Some details have been released (leaked?) by Inmarsat and the AAIB about their analysis of the flight path of the missing Malaysian airliner. Some details remain frustratingly absent.
Relying on the measured frequency of the signal received from the missing jet, they plotted possible courses of the aircraft and they concluded that only the route that took MH370 to the southern Indian Ocean is consistent with the data. Here are the two critical slides from the annex of their released material:
They are clearly quite confident about the validity of their analysis, and they may be right. Still, there are a few potential issues with which I am not comfortable.
The analysis obviously relies on two key assumptions: first, that the aircraft traveled at a constant speed and second, that its transmitter had good frequency stability. I am not familiar with Inmarsat equipment used on board aircraft, but I do know that a frequency drift of a couple of hundred Hz, over a period of time of several hours and under changing environmental conditions, is not at all unusual [Update (2014/03/28): I now know (thanks, Craig!) that Inmarsat equipment uses an oven-controlled oscillator, with a frequency stability of a few 10 Hz or better over the course of a year, so this is a non-issue] for an oscillator that is running at around 1.6 GHz (which, I believe, is the frequency range used by Inmarsat.)
The analysis also relies on the estimated range at the time of final transmission, which is what was used to generate the infamous “arcs” along which the airplane is expected to be found. Presumably, similar estimated ranges are available for all the intermediate data points.
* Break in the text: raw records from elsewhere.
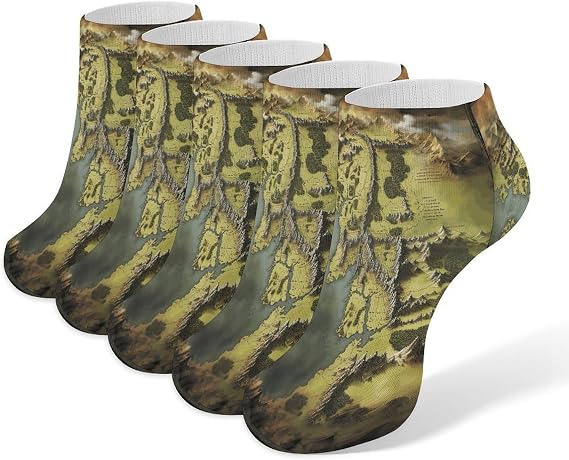 Men's No Show Socks Low Cut Breathable Casual Middle Earth Map Socks Non Slip Athletic Ankle Socks 5 Pack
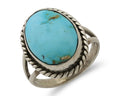 Navajo Ring 925 Silver Natural Blue Turquoise Native American Artist C.80's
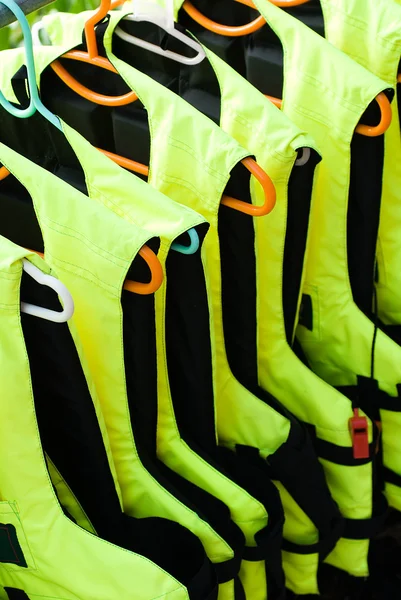 stock image Life Jackets in a row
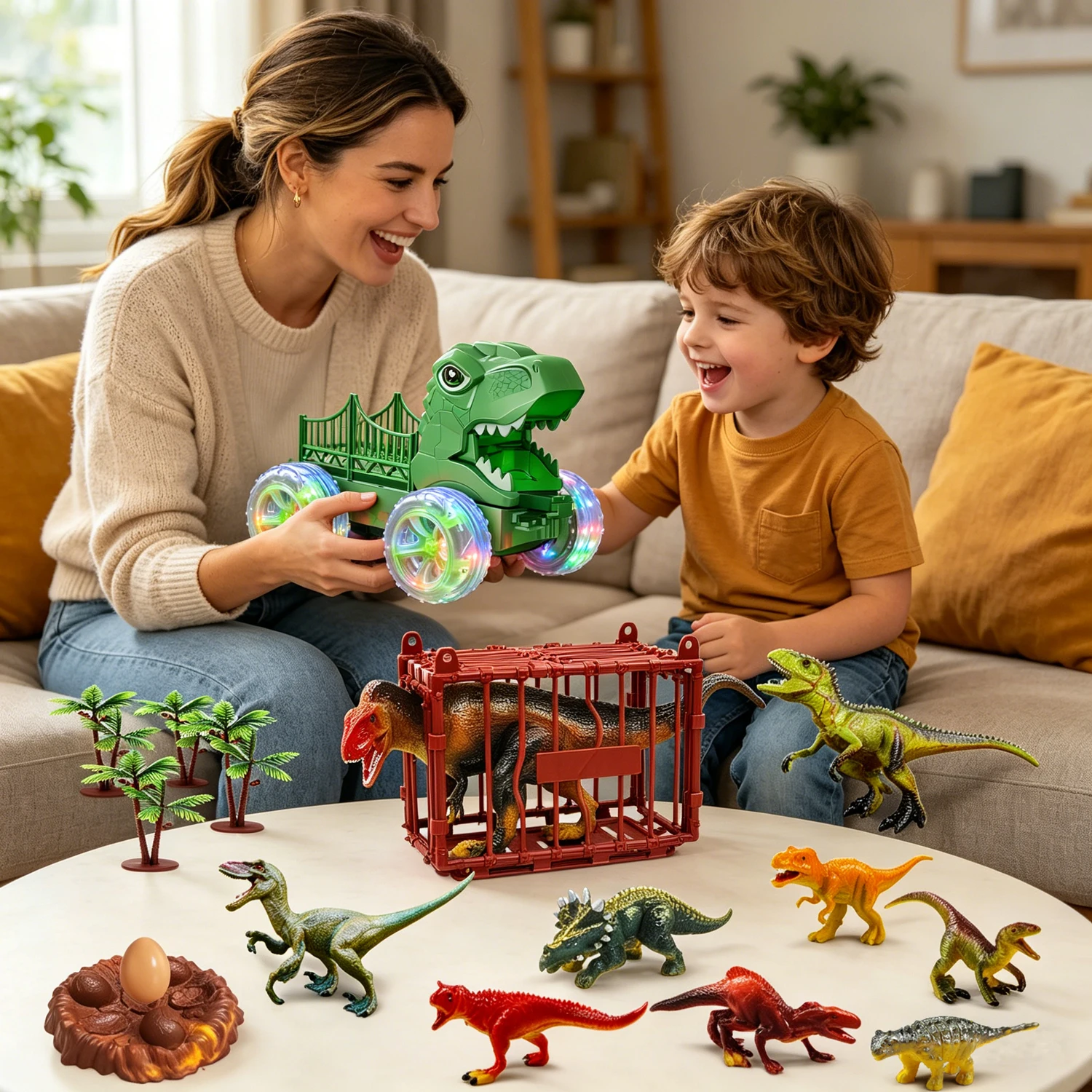 Camión T-Rex dinosaurios con figuras para niños, juego de transporte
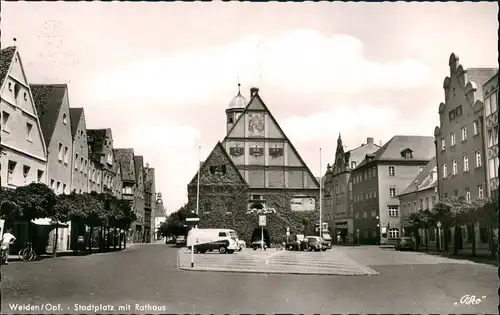 Ansichtskarte Weiden (Oberpfalz) Stadtplatz - Autos 1964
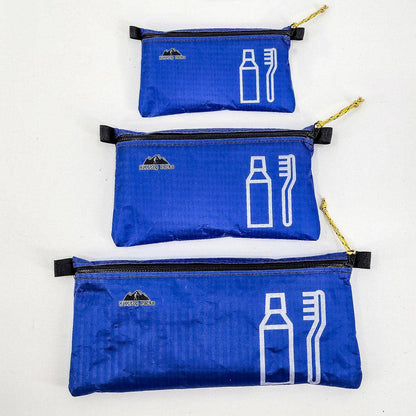 Ultralight zipper pouch organizer blue travel pouches with bottle and utensil icons Hilltop Packs on Tampa Home & Garden Store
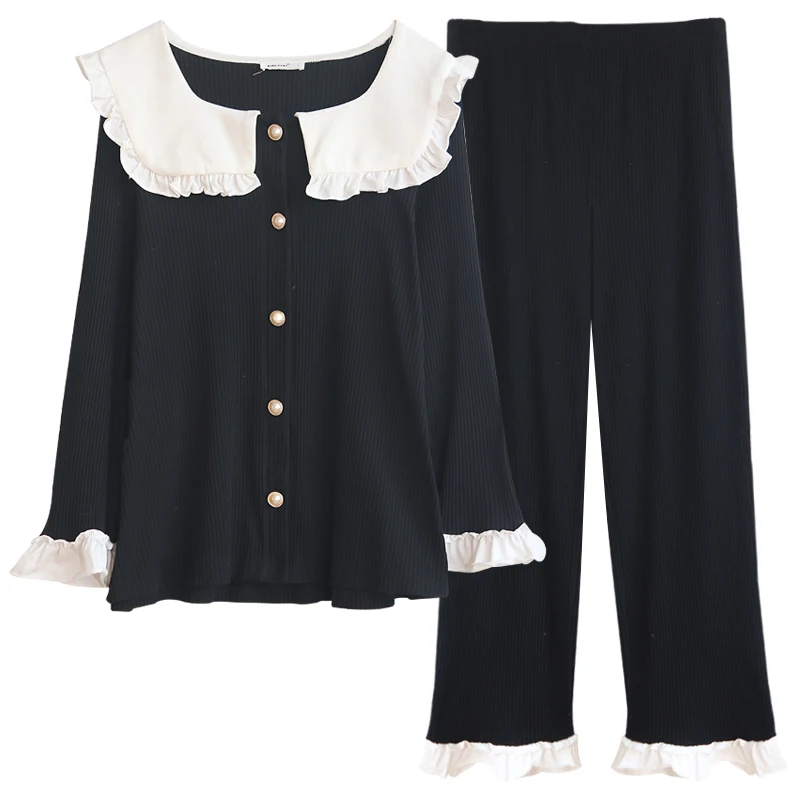 

Spring And Autumn Palace Style Pajamas Women's Cotton Long-sleeved Sleepwear Thin Section Sweet Princess Home Clothes Nightsuit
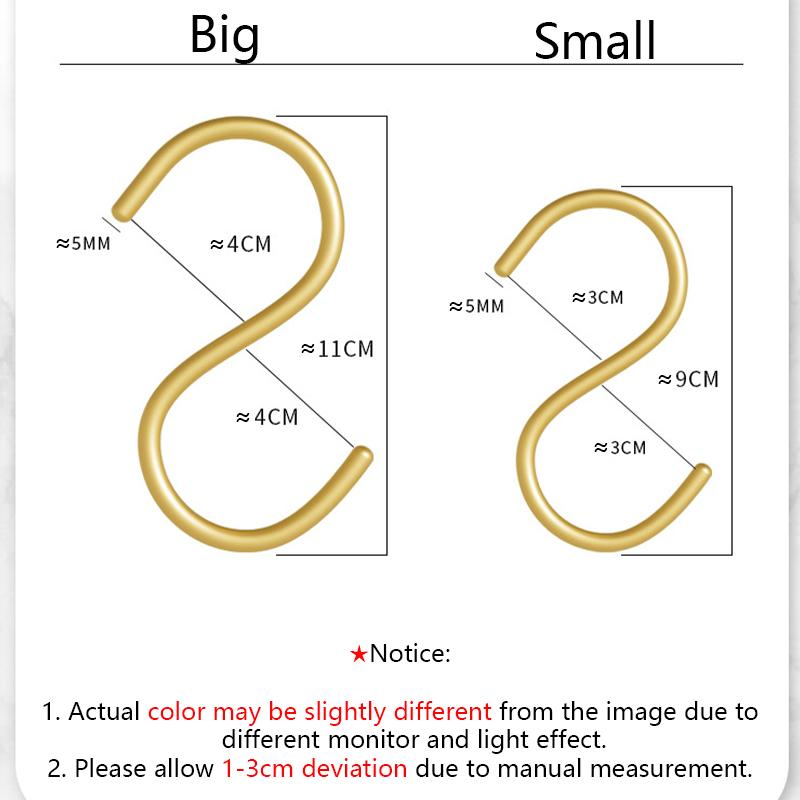 5pcs Aluminum Alloy S-Shape Hook,Closet Multifunctional S Hanger Hooks for Scarf Bags,Gold Hanging Hooks Home and Organization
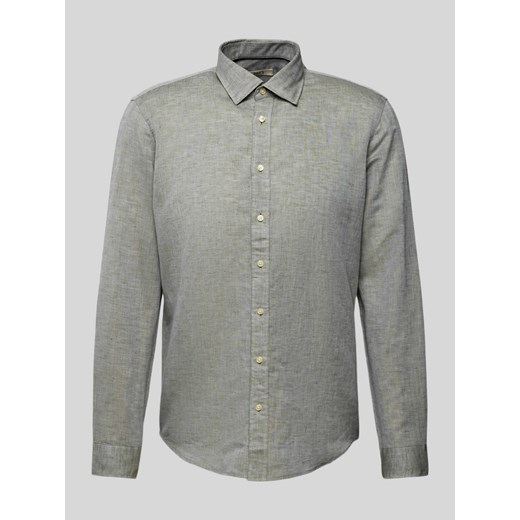 Koszula lniana o kroju slim fit z kołnierzykiem typu kent ze sklepu Peek&Cloppenburg  w kategorii Koszule męskie - zdjęcie 174557145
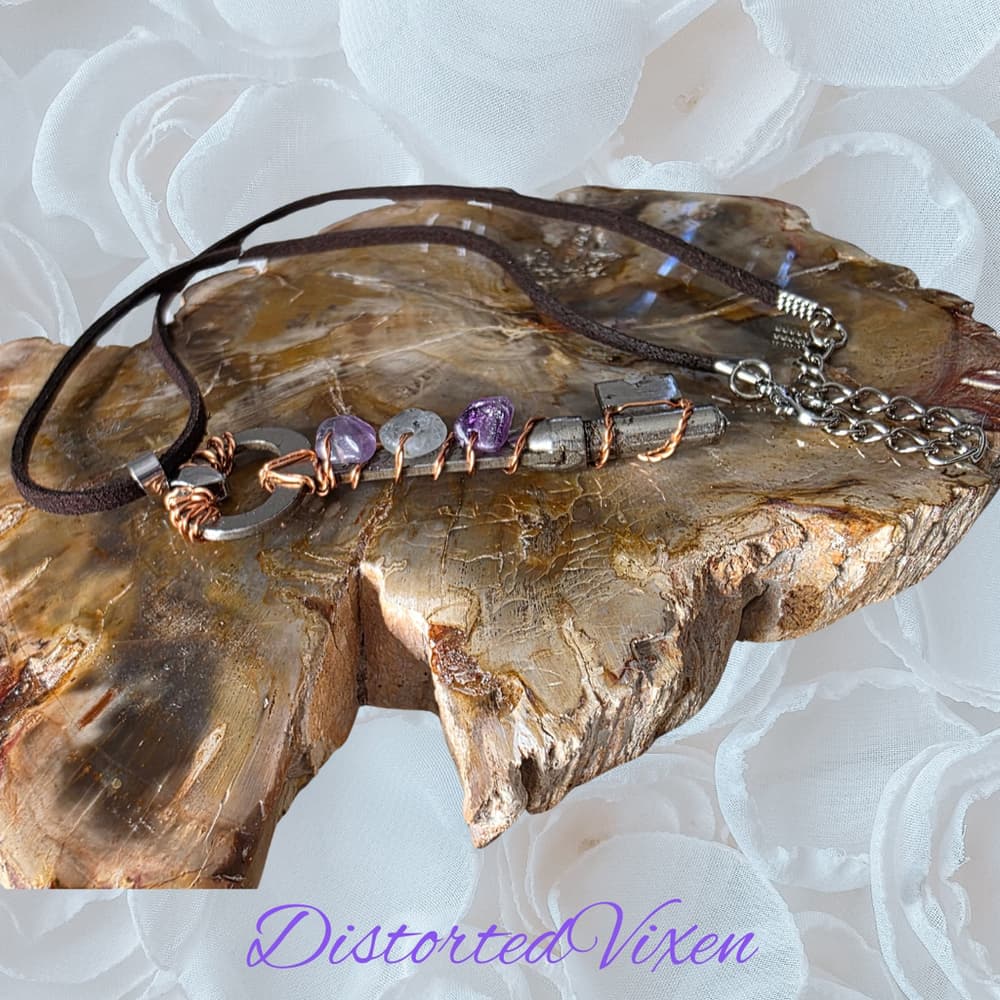 Rainbow Fluorite Key Necklace, Real Vintage Key Pendant, Handmade Copper Wrapped - Thumbnail 11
However, this range information was not published in the currently released document. [Update (2014/03/28): Intermediate range arcs were, however, published by the Washington Post on March 21 (thanks again, Craig!).]
It is also unclear to me why the northern route can be excluded, as the top slide shows. If the satellite was stationary with respect to the ground, the northern and southern routes would have identical Doppler signatures. Presumably the difference is due to the fact that the satellite, though geostationary, still moves with respect to the Earth’s surface, e.g., because its orbit is inclined. [Update (2014/03/28): The orbital inclination of the satellite in question is 1.6° (once again, thanks, Craig!)] But this is not explained.
Finally, I am also concerned about the large deviations in the early stages of flight between the predicted and observed values and what it says about the validity of the analysis.
Just to be clear, I do not subscribe to conspiracy theories. I do believe that it may have been premature to exclude the possibility that the aircraft made an emergency landing and remained intact in a remote area not far from the location of its last transponder signal, but I may very well be wrong about this. However, I do think that a little more transparency would be useful.